Source data:
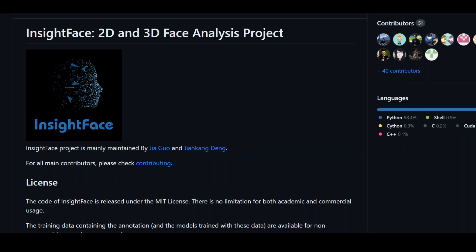InsideFace is an integrated Python library for 2D and 3D face analysis. It efficiently implements a rich variety of state-of-the-art algorithms for face recognition, face detection, and face alignment, which is optimized for both training and deployment. Research institutes and industrial organizations can benefit from the InsideFace library with quite an ease. This library offers really cool algorithms for face detection in particular.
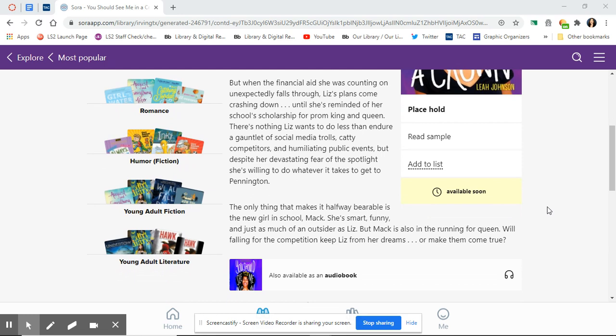The only thing that makes it halfway bearable is the new girl in school, Mac. She's smart, funny, and just as much of an outsider as Liz. But Mac is also in the running for queen. Will falling for the competition keep Liz from her dreams? Or make them come true?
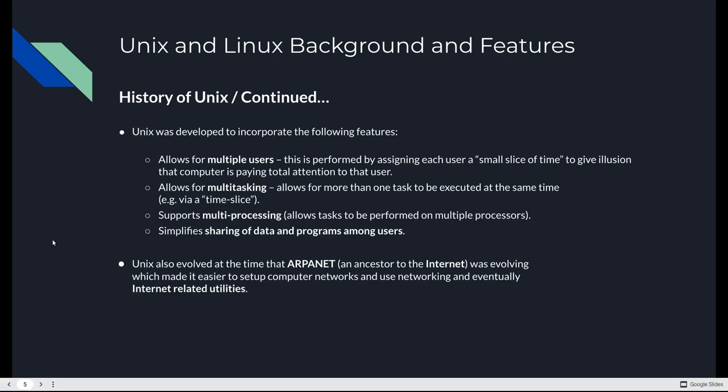Unix evolved at the same time as ARPANET, which was the predecessor to the Internet. That made it pretty easy to set up computer networks and use networking and eventually internet related utilities. We're going to talk about ARPANET and the Internet a little bit later in the semester. You need to know how the Internet works. Unix played a very big role in its development.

Activity:
Omit the pictures and output all of the other material exactly.

Exercise result:
InsideFace is an integrated Python library for 2D and 3D face analysis. It efficiently implements a rich variety of state-of-the-art algorithms for face recognition, face detection, and face alignment, which is optimized for both training and deployment. Research institutes and industrial organizations can benefit from the InsideFace library with quite an ease. This library offers really cool algorithms for face detection in particular.
The only thing that makes it halfway bearable is the new girl in school, Mac. She's smart, funny, and just as much of an outsider as Liz. But Mac is also in the running for queen. Will falling for the competition keep Liz from her dreams? Or make them come true?
Unix evolved at the same time as ARPANET, which was the predecessor to the Internet. That made it pretty easy to set up computer networks and use networking and eventually internet related utilities. We're going to talk about ARPANET and the Internet a little bit later in the semester. You need to know how the Internet works. Unix played a very big role in its development.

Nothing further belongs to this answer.